Edit: I am really liking the Triton because I can change bits from above the table using one wrench. And the way it mounts in my table, it is easy to reach under to lock/unlock the height adjustment. Also, the micro adjustment knob is in plain sight if I want to use it. Just reach under and turn, then lock it. The crank handle also works pretty well for cranking the router up or down for big height changes or to raise/lower during bit change operations.


----------



## Stick486 (Jan 4, 2013)

the '17 won't cover all the bases by a long shot...
so now you want the Milwaukee...
what about the 1619EVS


----------



## Cherryville Chuck (Sep 28, 2010)

Rick there are several trains of thought on what is best for the table HP wise. If you buy the biggest it will be stressed less for all routing jobs than routers with less HP. How often do you need the extra power? Smaller routers will still get the job done with slower feeds/stepped cuts and use less power for all the cuts where the extra HP isn't needed. Then you factor in reliability, ease of use, warranty, and other factors. The ideal answer is hard to find here.


----------



## RainMan 2.0 (May 6, 2014)

Stick486 said:


> the '17 won't cover all the bases by a long shot...
> so now you want the Milwaukee...
> what about the 1619EVS


I was under the impression the 1619 was not removable from it's base , as I thought it was a kinda plunge router with above table height adjustments and I want more accuracy like a router mounted in an Incra lift .
Don't get me wrong Stick as I like bosch , I have there huge rotary drill so I do have there brand in my household


----------



## Stick486 (Jan 4, 2013)

RainMan1 said:


> I was under the impression the 1619 was not removable from it's base , as I thought it was a kinda plunge router with above table height adjustments and I want more accuracy like a router mounted in an Incra lift .
> Don't get me wrong Stick as I like Bosch , I have there huge rotary drill so I do have there brand in my household


so put your 7518 in the Incra and get back to work...

and while you are at it build a second table w/ the 1617 for 1/4" bits...


----------



## RainMan 2.0 (May 6, 2014)

Stick486 said:


> so put your 7518 in the Incra and get back to work...
> 
> and while you are at it build a second table w/ the 1617 for 1/4" bits...


Ok at least we have a plan now


----------



## Stick486 (Jan 4, 2013)

RainMan1 said:


> Ok at least we have a plan now


build a very simple table and use the '17 as is... 
it's very user friendly...


----------



## MT Stringer (Aug 15, 2012)

Stick486 said:


> build a very simple table and use the '17 as is...
> it's very user friendly...


Or an adjustable height dual router table.

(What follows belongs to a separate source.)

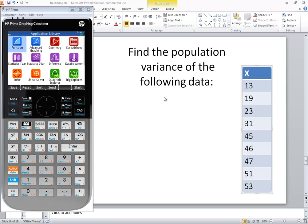Let's take a look at finding the population variance of the following data on an HP Prime graphing calculator.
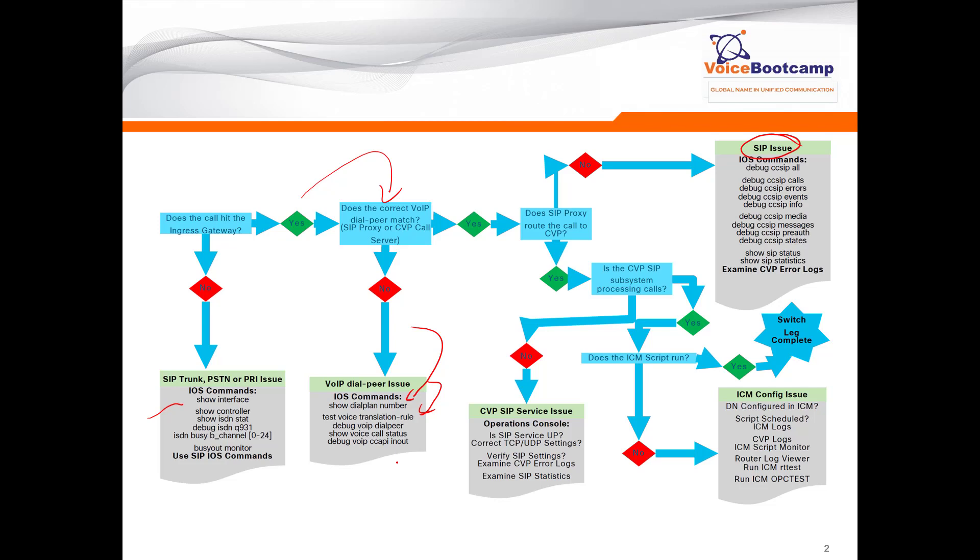These will give you an indication as to why the call is not matching the appropriate dial peer. Now if the dial peer is matched, then you have to ask yourself: does the call hit the CVP or SIP proxy server? If the call does not hit the CVP or does not get routed to CVP, then use these commands. You want to debug all the SIP messages to see what kind of messages you see on the router.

We don't need no stinking Incra shrinkcra stuff! :sarcastic:


----------



## MikeMa (Jul 27, 2006)

Sorry, but I must disagree with the opinion on the Bosch 1617, its 2.25HP is defintely adequate, by a long shot, and most definitely would not relegate it to 1/4" bits only. I have had one in a table since 2005, and was moved to my new table and it the lift. I have ran many large profile bits, including horizontal panel raising bits, without issue.

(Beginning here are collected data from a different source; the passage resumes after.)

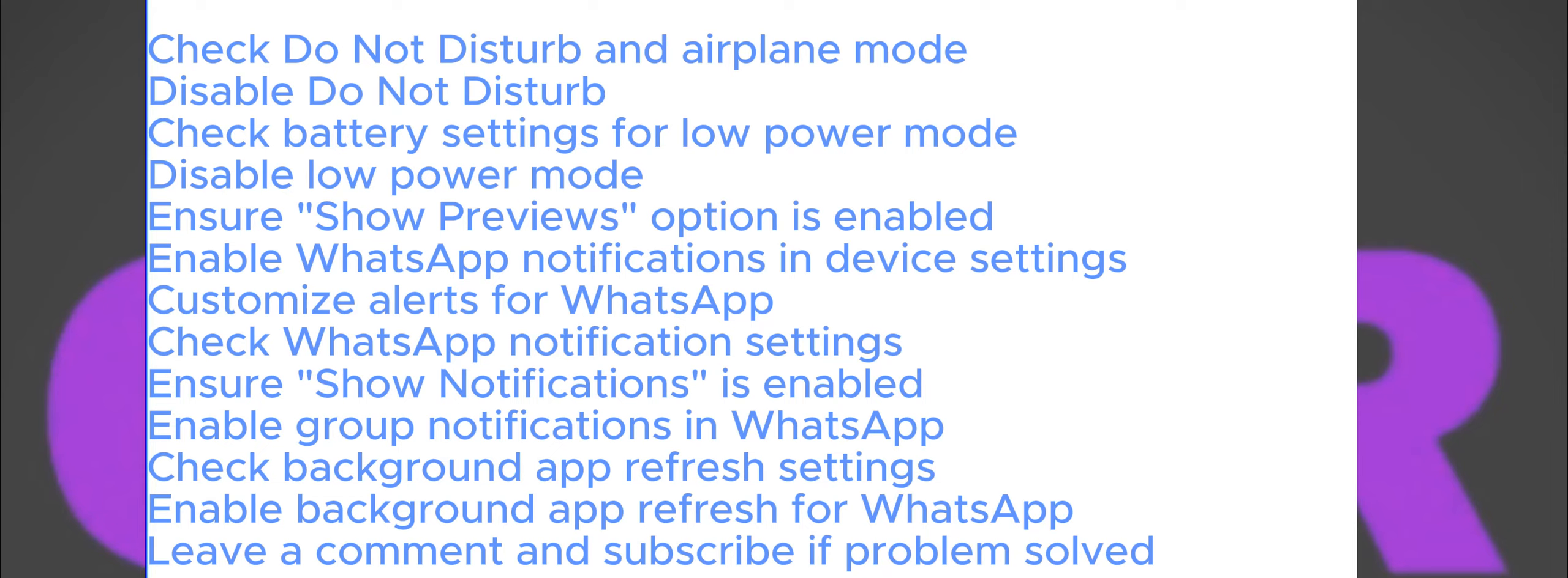The very first step is to check your Do Not Disturb mode and the airplane mode. Open the control center if you're on your iPhone or the notification center if you're on Android. If the airplane mode is enabled, then turn it off. Similarly, disable the Do Not Disturb option on your phone. If you're on Android, it may have a different name, but make sure that the option is disabled as this mode can silence notifications.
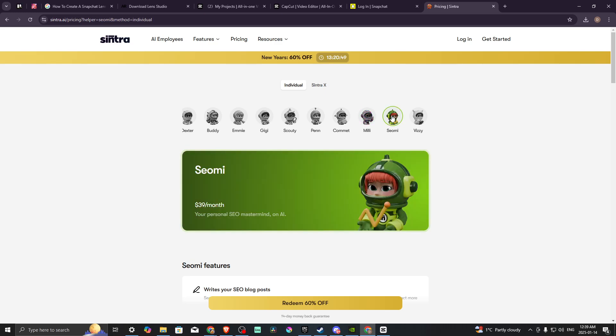And that's how you can automate your sales with AI. That's all there is to it.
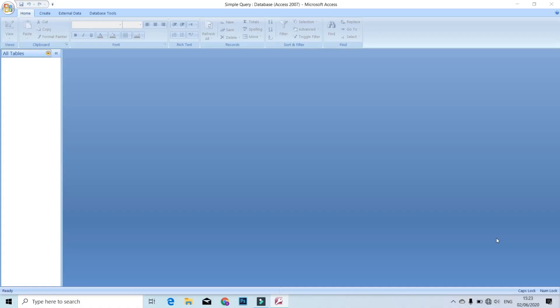Hello guys! Welcome to my channel! Today I will use Microsoft Access Simple Query. The topic is Query Calculations. Let's see this video.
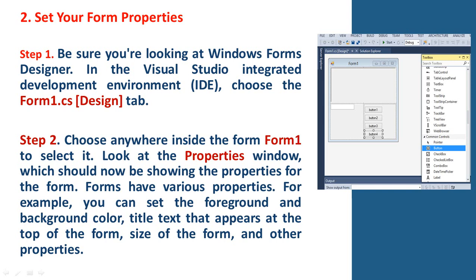Step 1. Be sure you are looking at Windows Forms Designer. In the Visual Studio Integrated Development Environment (IDE), choose the Form1.cs [Design] tab.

A 3HP router is nice, and if you have the budget for it, I would say go for it. But if you are budget conscious, the Bosch 1617 is a VERY capable router. 

Also, the saw dust in the power switch issue was resolved several years ago, and if you happen upon a router that has an old switch, Bosch will send you a new switch free of charge.


----------



## RainMan 2.0 (May 6, 2014)

MT Stringer said:


> Or an adjustable height dual router table. We don't need no stinking Incra shrinkcra stuff! :sarcastic:


Yes I may be over thinking this , but router lifts with digital read outs is all I dream about now 






NiceG316 said:


> Sorry, but I must disagree with the opinion on the Bosch 1617, its 2.25HP is defintely adequate, by a long shot, and most definitely would not relegate it to 1/4" bits only. I have had one in a table since 2005, and was moved to my new table and it the lift. I have ran many large profile bits, including horizontal panel raising bits, without issue.
> 
> A 3HP router is nice, and if you have the budget for it, I would say go for it. But if you are budget conscious, the Bosch 1617 is a VERY capable router.
> 
> Also, the saw dust in the power switch issue was resolved several years ago, and if you happen upon a router that has an old switch, Bosch will send you a new switch free of charge.


I was kinda nervous as our Winsor a plywood has the same issue with there switch , then again it does production work . From other reviews it's not the only brand that has issues with dust /switch issues .


----------